Una fotografia algida e particolarmente curata (firmata da Vladan Radovic, autore anche delle immagini della trilogia di Smetto Quando Voglio e qui forse al suo miglior lavoro) ci restituisce interni spettrali, nei quali la cineasta fa muovere gli spiriti del passato in inquadrature di grande suggestione. I tempi sono dilatati, i movimenti di macchina sobri e minimali; il commento musicale di Paolini e Grosso sorprendentemente (e fin troppo) diradato.
In questa messinscena così rigorosa, si muove con gravità, severa e sempre compassata, una Federica Rosellini che sembra dominare la scena come usa fare con il palcoscenico. Il problema è che l’interprete, pur premiata a Venezia 74 come “attrice rivelazione” con il Nuovo Imaie Talent Award, consegna una performance da cui traspare tutto il suo già lungo e onorevole curriculum teatrale, ma che nulla ha a che vedere con la recitazione cinematografica.
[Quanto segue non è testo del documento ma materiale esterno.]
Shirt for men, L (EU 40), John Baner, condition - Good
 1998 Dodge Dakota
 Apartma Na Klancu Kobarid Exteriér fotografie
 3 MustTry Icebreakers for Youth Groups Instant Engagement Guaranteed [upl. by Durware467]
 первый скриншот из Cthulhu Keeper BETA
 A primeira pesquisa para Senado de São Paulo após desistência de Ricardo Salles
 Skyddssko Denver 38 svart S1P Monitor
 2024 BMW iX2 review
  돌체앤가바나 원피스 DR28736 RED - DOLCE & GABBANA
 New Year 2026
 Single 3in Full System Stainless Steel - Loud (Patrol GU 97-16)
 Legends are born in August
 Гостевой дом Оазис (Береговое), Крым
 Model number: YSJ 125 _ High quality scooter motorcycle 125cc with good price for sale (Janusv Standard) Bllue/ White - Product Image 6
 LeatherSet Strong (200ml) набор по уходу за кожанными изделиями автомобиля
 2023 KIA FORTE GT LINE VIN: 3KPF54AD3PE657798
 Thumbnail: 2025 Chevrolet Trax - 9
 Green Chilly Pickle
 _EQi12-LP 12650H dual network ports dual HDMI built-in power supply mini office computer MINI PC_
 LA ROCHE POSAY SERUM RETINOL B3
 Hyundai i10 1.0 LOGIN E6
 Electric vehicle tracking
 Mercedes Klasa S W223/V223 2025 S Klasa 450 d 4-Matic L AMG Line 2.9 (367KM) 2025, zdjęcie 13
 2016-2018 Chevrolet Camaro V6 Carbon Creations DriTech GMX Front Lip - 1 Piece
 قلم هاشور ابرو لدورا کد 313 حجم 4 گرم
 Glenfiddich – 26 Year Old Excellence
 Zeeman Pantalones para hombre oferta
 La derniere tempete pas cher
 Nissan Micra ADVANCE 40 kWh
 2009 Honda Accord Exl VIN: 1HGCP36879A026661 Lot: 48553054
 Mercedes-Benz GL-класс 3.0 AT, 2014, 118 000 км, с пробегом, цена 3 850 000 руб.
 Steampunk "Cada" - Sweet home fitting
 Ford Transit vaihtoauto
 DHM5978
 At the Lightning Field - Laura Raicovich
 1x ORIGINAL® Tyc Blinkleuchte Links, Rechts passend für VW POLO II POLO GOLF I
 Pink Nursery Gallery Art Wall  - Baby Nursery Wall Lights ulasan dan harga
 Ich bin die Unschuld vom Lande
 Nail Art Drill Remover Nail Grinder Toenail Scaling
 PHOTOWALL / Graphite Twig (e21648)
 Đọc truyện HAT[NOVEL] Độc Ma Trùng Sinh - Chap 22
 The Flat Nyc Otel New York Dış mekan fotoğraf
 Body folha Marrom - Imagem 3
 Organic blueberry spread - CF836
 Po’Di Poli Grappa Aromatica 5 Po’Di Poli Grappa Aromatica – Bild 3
La totale assenza di naturalezza della sua postura sempre consapevole, la plasticità dei suoi gesti, l’intensità dei suoi sguardi fissi e la controllata pulizia della sua declamazione trascinano la pellicola in un terreno in cui scricchiola il patto di sospensione dell’incredulità con lo spettatore, e in cui il pur chiaro intento di ritrarre la rigida psiche della protagonista sfocia in una performance mai gigionesca ma sempre carente di umanità.
Impossibile pensare che la regista non abbia diretto con grande consapevolezza la sua opera prima, il che ci porta a una conclusione decisamente interessante, e cioè che la Pedicini, nel passaggio dal documentario alla finzione, non abbia intenzione di nascondere in alcun modo l’artificio creativo ma anzi opti per una sobria ma netta esplicitazione della costruzione registica. Se l’intenzione è questa, l’interpretazione della Rosellini diventa funzionale a un allestimento di un’innaturalezza perturbante. La pur notevole messinscena della regista, però, risulta comunque meno costruita della recitazione della sua protagonista, pertanto o ci sentiamo di auspicare che la Pedicini sviluppi ulteriormente la teatralità delle proprie opere, o (e propendiamo per questa ipotesi) che trovi un’attrice più naturale e spontanea, giacché Dove Cadono Le Ombre rappresenta evidentemente un incontro di due indiscutibili talenti che però faticano a remare nella stessa direzione. In tal senso la solidissima interpretazione della taletuosa Elena Cotta si dimostra molto più consona alle corde dell’autrice, mantenendo sì un’impostazione teatrale ma asservendola con mestiere ai canoni più misurati della settima arte.
La scrittura di Dove Cadono Le Ombre è decisamente solida e contribuisce con successo a creare “l’inferno di ghiaccio” di cui parlava la Mehr, qualche rallentamento di troppo sarebbe però risultato meno evidente se ci fosse stato un uso meno parco delle musiche, così fondamentali nella costruzione del ritmo. Rimane il fatto che quest’opera prima di Valentina Pedicini mostra uno straordinario potenziale che ha però ancora bisogno di un moderato labor limæ per emergere al meglio. Una storia che andava raccontata, in sala dal 6 settembre con Fandango.